Here were two people who had nothing to their names, living in separate tents near the coastal town of Hadera, but happy to have made it to Palestine and be together again. This pioneering spirit saved them from the Holocaust, but created new challenges. Hadera was established in 1889 by Russian Jews before the Zionist movement was established. Those early pioneers contended with the brutal Ottoman laws and with marshland that bred mosquitos. Although the early pioneers drained the swamps—at a high human cost—the town was prone to mosquito infestations. While living in harsh conditions, my mother contracted malaria. The remedy at the time included placing leeches on the person’s back to suck up the bad blood.
Eventually, she recovered after being treated with quinine.
Despite the hardships, my parents decided to get married and start a family. They were married in 1941 and had me, their firstborn, in 1943. My birth certificate, a British document, identified me as a Palestinian Jew. I would be part of the community whose goal was to establish a state that would enable its people to control their own destiny. The new generation would have an identity, be free of prejudice and learn to defend itself.
My name, Noam, is a Hebrew noun that means pleasantness.

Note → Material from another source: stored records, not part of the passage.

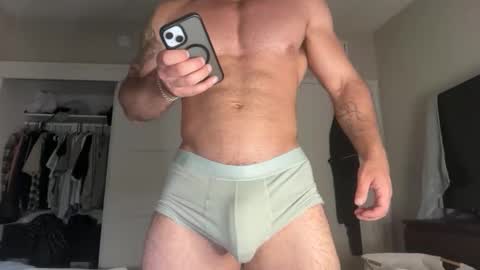 Skyler Flexes online show from May 2026 12:05:01 AM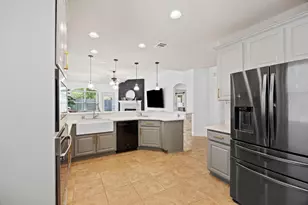 401 Wiltshire Dr, Hutto, TX 78634 - Photo 15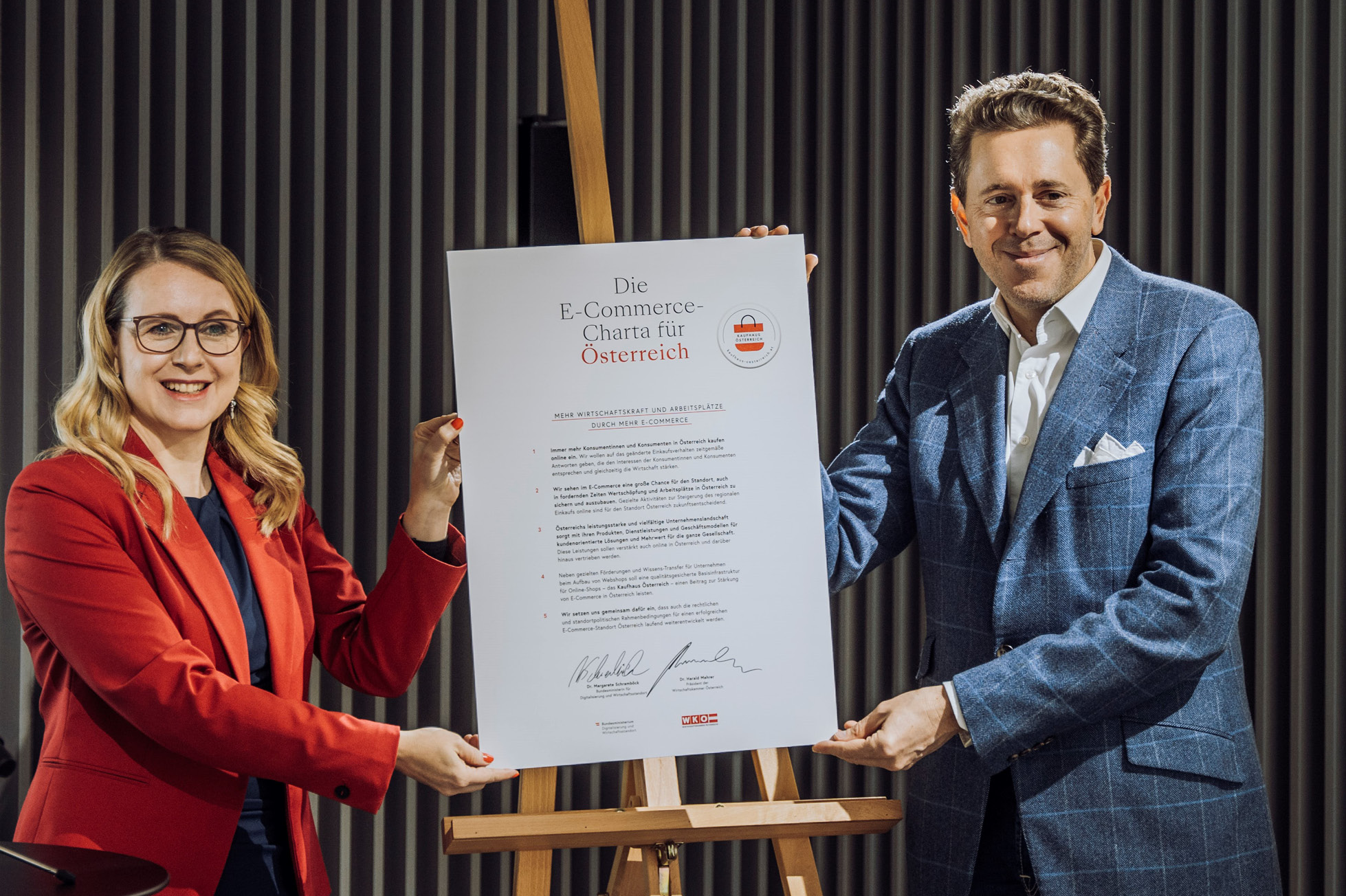 Bundesministerin Margarete Schramböck und WKÖ-Präsident Harald Mahrer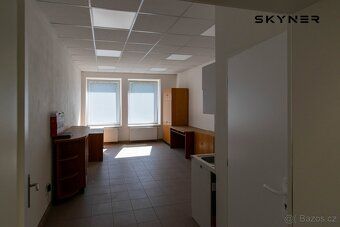Ref #00965 We offer for rent warehouse space in a multifunctional building in Děčín V.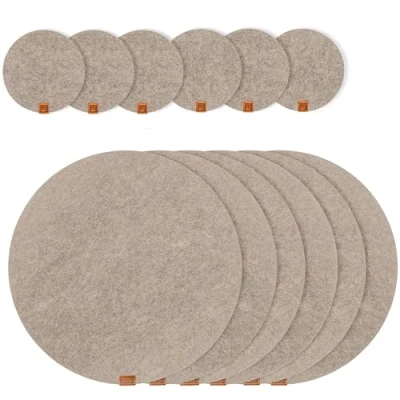 Afbeelding van Miqio® Set van 6 ronde vilten placemats, afwasbaar, met echt leren label en onderzetter, placemats onderzetters, wasbaar, beige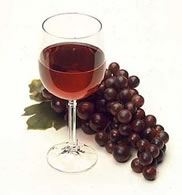 ¿Sabías que tomar una o dos copas de vino tinto ayuda a proteger el corazón?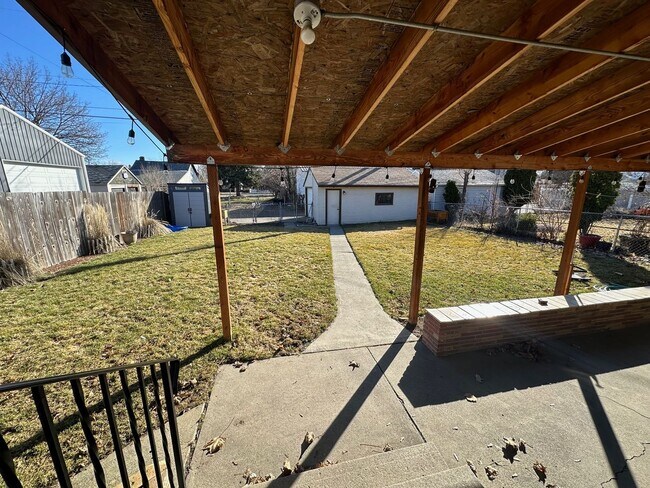 Building Photo - Dont Miss this 3 Bedroom 2 Bath Shadle Ran...
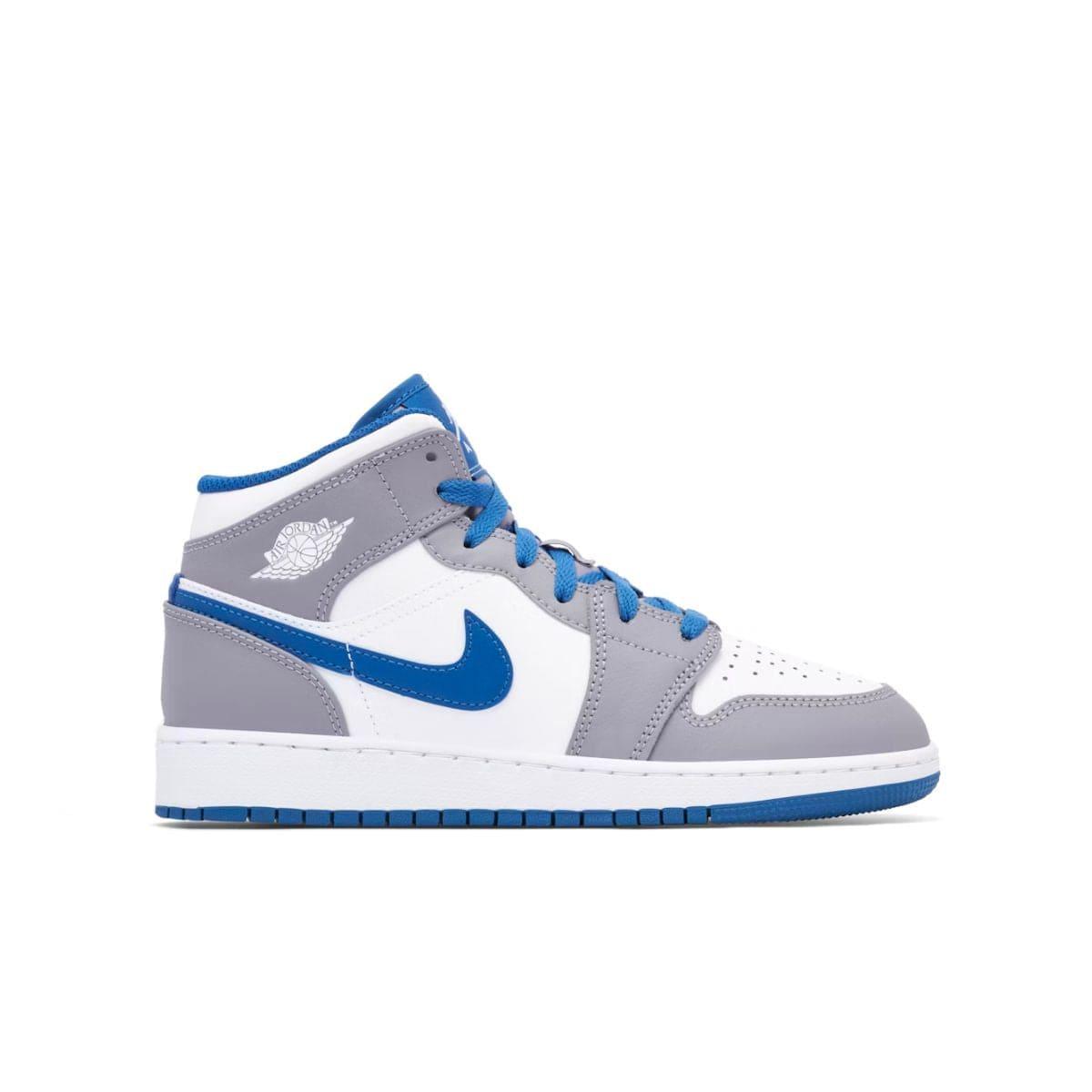 Jordan 1 sneaker with Royal Blue Replacement laces by Kicks Shoelaces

It was recommended by a neighbor named Leah who was raising a fourteen-year-old daughter of her own. She became very close to me and helped raise me in the early years. I always thought of Leah as part of the family and kept in touch with her for many years. The name Noam was also symbolic of a trend among the new pioneers. They wanted to start new lives in an independent state, to create a new and unique culture and to shed all the baggage of exile. Many of them changed their names. For example, Rabinowitz became Rabin and Kazimirski was changed to Zamir. Many of them abandoned their Jewish traditions and adopted democratic socialism as the model for building the new state. They spoke three or four languages but insisted on speaking only Hebrew to their children.

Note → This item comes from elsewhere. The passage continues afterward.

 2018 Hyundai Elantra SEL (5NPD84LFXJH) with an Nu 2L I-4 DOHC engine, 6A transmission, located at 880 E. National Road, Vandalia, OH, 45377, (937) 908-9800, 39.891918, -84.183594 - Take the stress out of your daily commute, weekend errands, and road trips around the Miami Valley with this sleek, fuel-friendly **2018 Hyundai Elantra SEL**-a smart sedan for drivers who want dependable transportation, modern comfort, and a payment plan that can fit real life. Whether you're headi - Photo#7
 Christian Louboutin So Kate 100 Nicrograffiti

In October 1942, five months before I was born, the decisive battle of El Alamein, in Egypt, took place. Had the Germans won the battle, the fate of the Jews of Palestine would most likely have been similar to the fate of the Jews of Europe.
As a baby and a toddler, I lived with my parents in one room in a communal home with shared common elements such as a kitchen and bathroom. Each family took turns using the facilities. Despite the humble living conditions, my parents were thankful for what they had achieved so far and were prepared for the long road to build a life together. I was blessed with a good appetite, but the diet was based on bread, potatoes, eggs and vegetables. When I got older, my mother told me a story about boiled eggs. One day when you were four years old, a neighbor boiled eggs and left a bowl-full in the communal kitchen to cool off. You went into the kitchen for something to eat, saw the bowl of eggs, and before anyone knew it, you peeled the eggs one by one and ate them all.
Pictures from that period show a chubby kid with a big stomach. For the next decade I was known as Fat Noam.
While living in the communal home, I met the neighbor’s son, Dan, and we became good friends.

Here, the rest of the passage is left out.